**Input data**:
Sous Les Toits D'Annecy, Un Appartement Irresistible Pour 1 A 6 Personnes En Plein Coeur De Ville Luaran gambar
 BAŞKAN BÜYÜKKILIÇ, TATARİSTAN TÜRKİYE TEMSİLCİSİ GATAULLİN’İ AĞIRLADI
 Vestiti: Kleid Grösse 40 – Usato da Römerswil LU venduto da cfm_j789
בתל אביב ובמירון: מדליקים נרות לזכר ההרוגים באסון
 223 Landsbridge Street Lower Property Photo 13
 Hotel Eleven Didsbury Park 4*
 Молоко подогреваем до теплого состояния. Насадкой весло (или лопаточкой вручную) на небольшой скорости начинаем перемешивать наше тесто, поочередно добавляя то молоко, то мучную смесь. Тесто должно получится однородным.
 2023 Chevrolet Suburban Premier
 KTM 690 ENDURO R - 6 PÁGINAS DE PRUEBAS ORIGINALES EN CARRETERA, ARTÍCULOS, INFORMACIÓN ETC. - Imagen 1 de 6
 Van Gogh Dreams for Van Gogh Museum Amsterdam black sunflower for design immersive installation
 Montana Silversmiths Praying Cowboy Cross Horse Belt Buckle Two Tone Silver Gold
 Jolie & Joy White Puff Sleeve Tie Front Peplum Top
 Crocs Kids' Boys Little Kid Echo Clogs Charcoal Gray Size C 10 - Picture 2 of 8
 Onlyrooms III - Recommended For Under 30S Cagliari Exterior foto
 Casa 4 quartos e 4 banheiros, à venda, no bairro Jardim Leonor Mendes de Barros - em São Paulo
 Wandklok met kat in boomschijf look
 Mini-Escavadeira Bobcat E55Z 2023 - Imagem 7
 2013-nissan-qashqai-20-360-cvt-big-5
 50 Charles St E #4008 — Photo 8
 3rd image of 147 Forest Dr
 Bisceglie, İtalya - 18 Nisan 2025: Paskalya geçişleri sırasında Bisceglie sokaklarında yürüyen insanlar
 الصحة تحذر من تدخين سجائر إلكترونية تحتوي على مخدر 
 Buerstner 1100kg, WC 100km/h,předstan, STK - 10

**Exercise aim**: Everything from the line with "223 Landsbridge Street" through the line with "Montana Silversmiths Praying" should be written out exactly as it appears above, end lines included, and nothing outside that range.

**Exercise response**:
 223 Landsbridge Street Lower Property Photo 13
 Hotel Eleven Didsbury Park 4*
 Молоко подогреваем до теплого состояния. Насадкой весло (или лопаточкой вручную) на небольшой скорости начинаем перемешивать наше тесто, поочередно добавляя то молоко, то мучную смесь. Тесто должно получится однородным.
 2023 Chevrolet Suburban Premier
 KTM 690 ENDURO R - 6 PÁGINAS DE PRUEBAS ORIGINALES EN CARRETERA, ARTÍCULOS, INFORMACIÓN ETC. - Imagen 1 de 6
 Van Gogh Dreams for Van Gogh Museum Amsterdam black sunflower for design immersive installation
 Montana Silversmiths Praying Cowboy Cross Horse Belt Buckle Two Tone Silver Gold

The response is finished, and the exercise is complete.